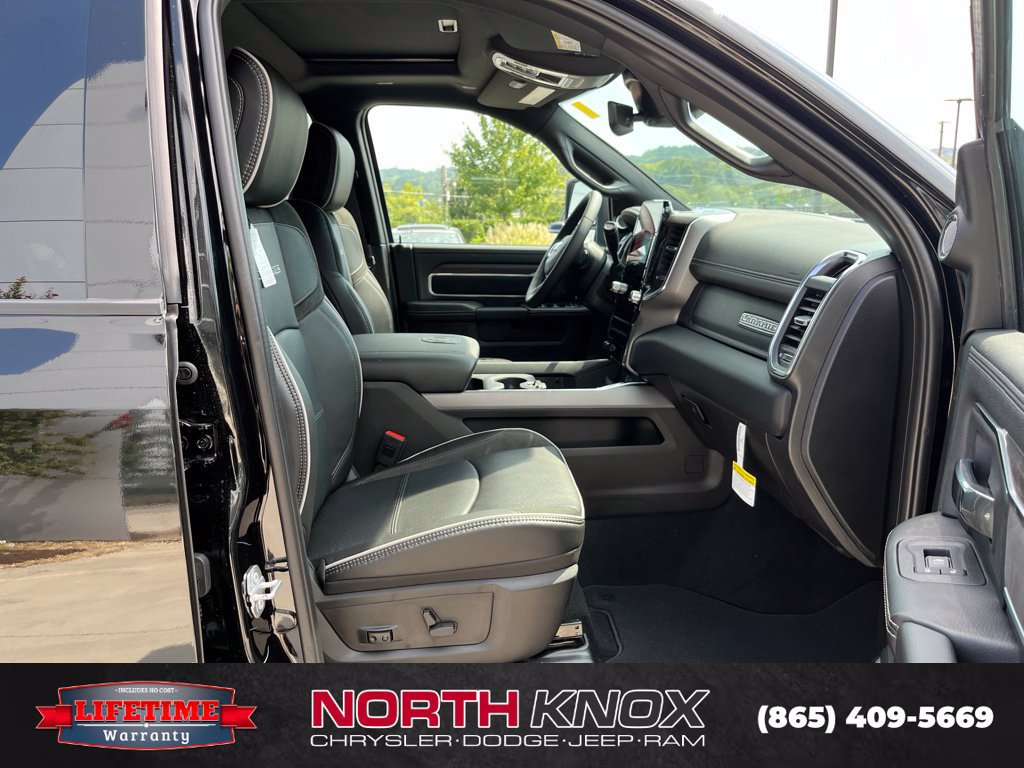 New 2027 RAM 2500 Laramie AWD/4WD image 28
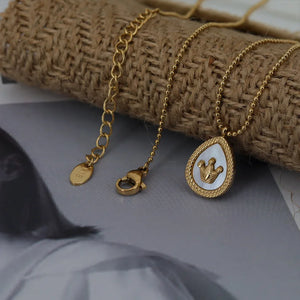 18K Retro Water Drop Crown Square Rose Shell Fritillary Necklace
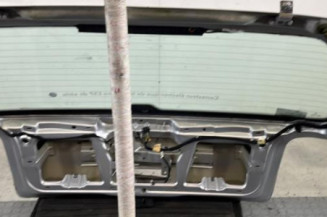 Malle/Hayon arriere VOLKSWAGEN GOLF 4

·····

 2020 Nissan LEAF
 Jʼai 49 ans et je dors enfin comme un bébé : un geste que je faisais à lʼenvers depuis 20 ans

·····

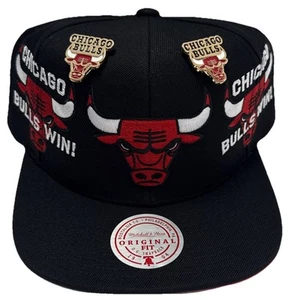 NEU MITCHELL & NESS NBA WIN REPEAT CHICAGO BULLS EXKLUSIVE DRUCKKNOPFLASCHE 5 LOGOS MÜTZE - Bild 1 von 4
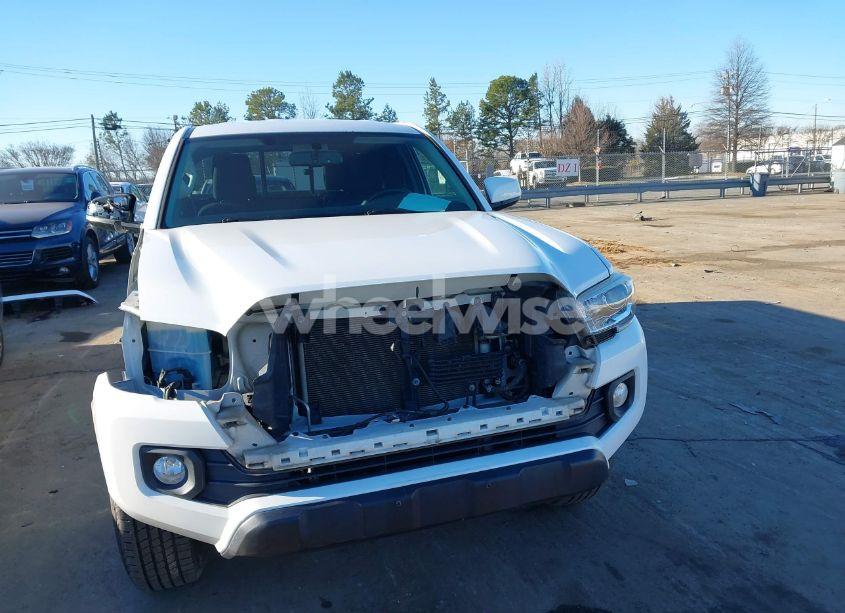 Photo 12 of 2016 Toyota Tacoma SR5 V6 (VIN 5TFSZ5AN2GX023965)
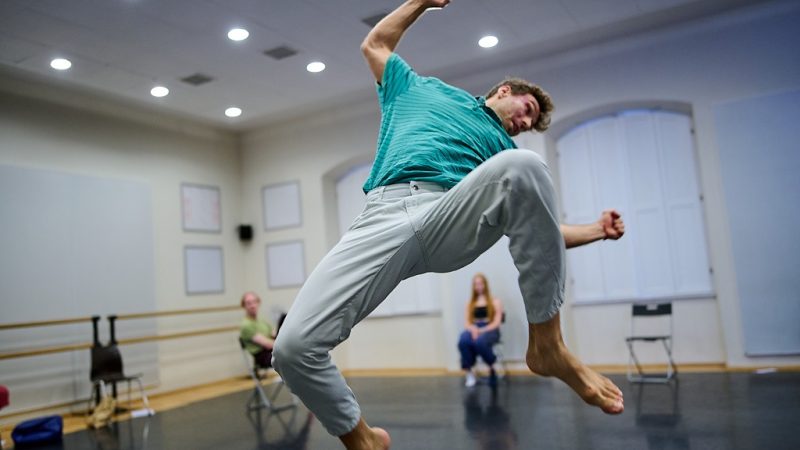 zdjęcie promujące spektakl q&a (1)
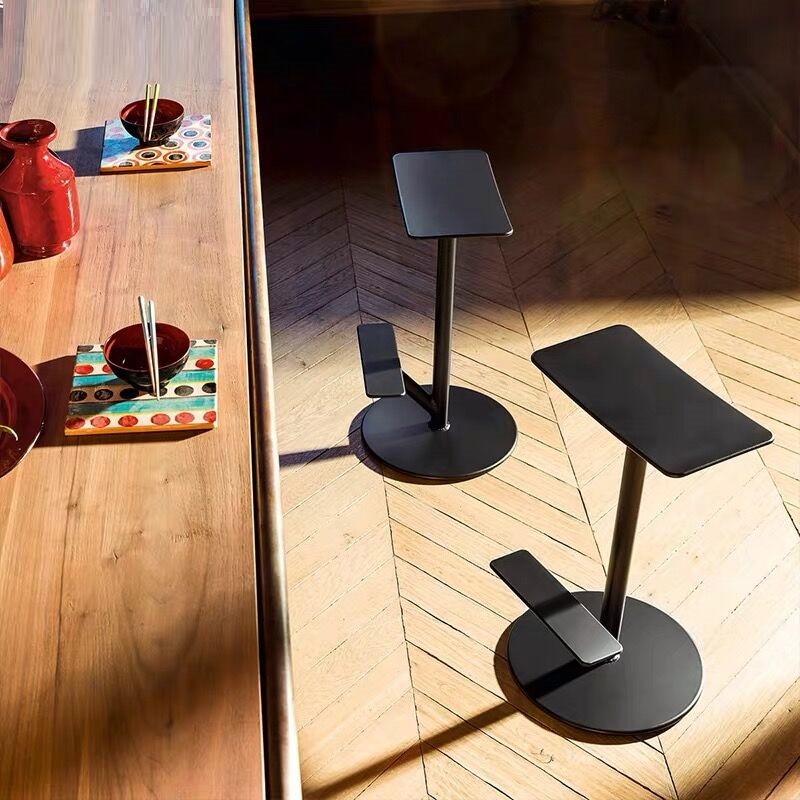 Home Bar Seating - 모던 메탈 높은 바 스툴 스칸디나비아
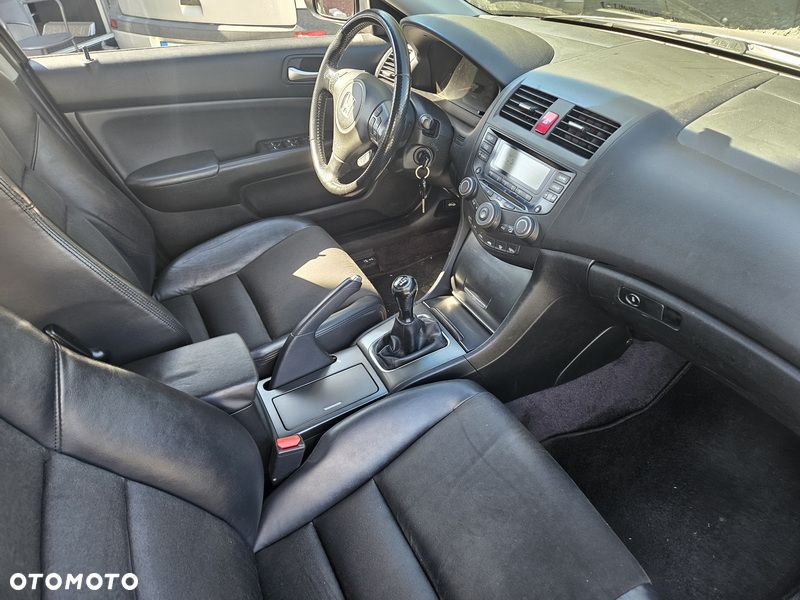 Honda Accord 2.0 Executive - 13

·····

§ Task goal
Every line from the line containing "2020 Nissan LEAF" through the line containing "Jʼai 49 ans" in the records above must be retyped exactly. Leave out the rest.

§ Completed task
 2020 Nissan LEAF
 Jʼai 49 ans et je dors enfin comme un bébé : un geste que je faisais à lʼenvers depuis 20 ans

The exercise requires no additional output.